Thus, while numerous configurations and methods to separate heavier components from LNG or to reduce BTU of LNG are known in the art, all or almost all of them fail to provide economically attractive operation, especially in an offshore environment. Therefore, there is still a need to provide improved configurations and methods for LNG regasification that allows for simple and cost-effective removal of non-methane components to thereby produce LNG with a desirable BTU and/or chemical composition.

The present invention is directed to configurations and methods in which LNG is first pumped to supercritical pressure and then vaporized, preferably in an offshore vaporizer or a vaporizer that is in a location that is remote (e.g., more than 1 km) from a populated area, to a temperature that is a function of the concentration of non-methane components in the LNG (e.g., between about −20° F. to about 15° F.). The so formed supercritical vaporized natural gas is then transported to an onshore facility and split into a first and second portion, wherein the split ratio is once more a function of the concentration of non-methane components in the LNG.

The first portion is then processed to remove at least some non-methane components from the natural gas. Most preferably, work is produced by expanding the regasified natural gas to thereby power recompression of the lean natural gas, which is then combined with the second portion to thereby form a processed LNG.

In one aspect of the inventive subject matter, a method of providing a natural gas product includes a step in which vaporized supercritical LNG is provided, most preferably from offshore to an onshore terminal. In another step, the vaporized supercritical LNG is split into a first and second stream, wherein the first stream is processed to remove at least some non-methane components from the first stream to form a lean natural gas product, and wherein the step of processing further includes a first turbo-expansion of at least a portion of the first stream.

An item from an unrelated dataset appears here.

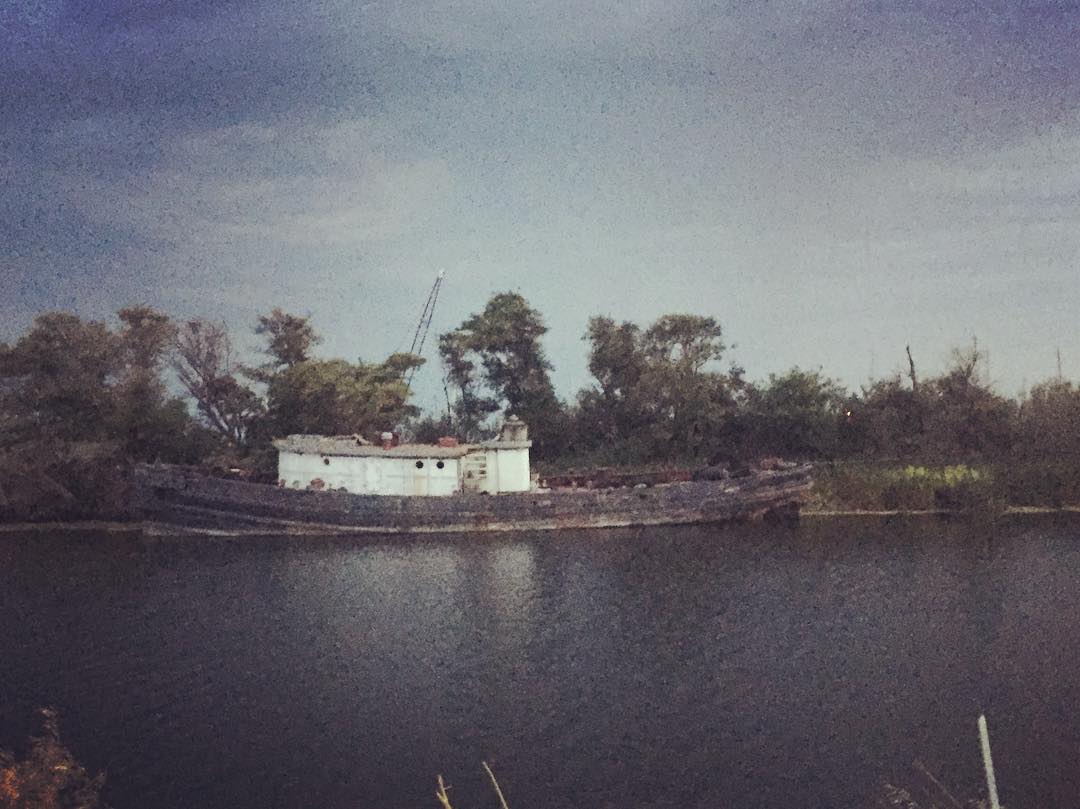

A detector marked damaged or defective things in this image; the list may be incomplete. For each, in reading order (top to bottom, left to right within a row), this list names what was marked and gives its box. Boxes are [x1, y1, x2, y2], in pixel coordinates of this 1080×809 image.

rusty barge hull [132, 460, 812, 535]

In yet another step, the lean natural gas product is compressed using at least in part energy from the first turbo-expansion, and the compressed lean natural gas product is then combined with the second stream to thereby form a sales gas with predetermined content of non-methane components.

Preferably, the vaporized supercritical LNG is at a predetermined temperature and split ratio between first and second streams is at a predetermined ratio, wherein both the temperature and ratio are a function of a concentration of non-methane components in the LNG. It is further preferred that in such methods the first stream is processed in an absorber that further produces an absorber bottom product, wherein the bottom product is further processed in at least one downstream column (typically operated at a lower pressure than the absorber pressure) to produce at least one of an ethane product and a propane-containing product. In at least some of such configurations, it is preferred that the downstream column is operated as a demethanizer and provides an overhead product to the absorber as a reflux stream and/or a bottom feed stream. A second turbo-expansion may be included that expands at least a portion of the first stream, wherein the first turbo-expansion provides reflux condenser duty, and wherein the second turbo-expansion provides refrigeration duty in the absorber.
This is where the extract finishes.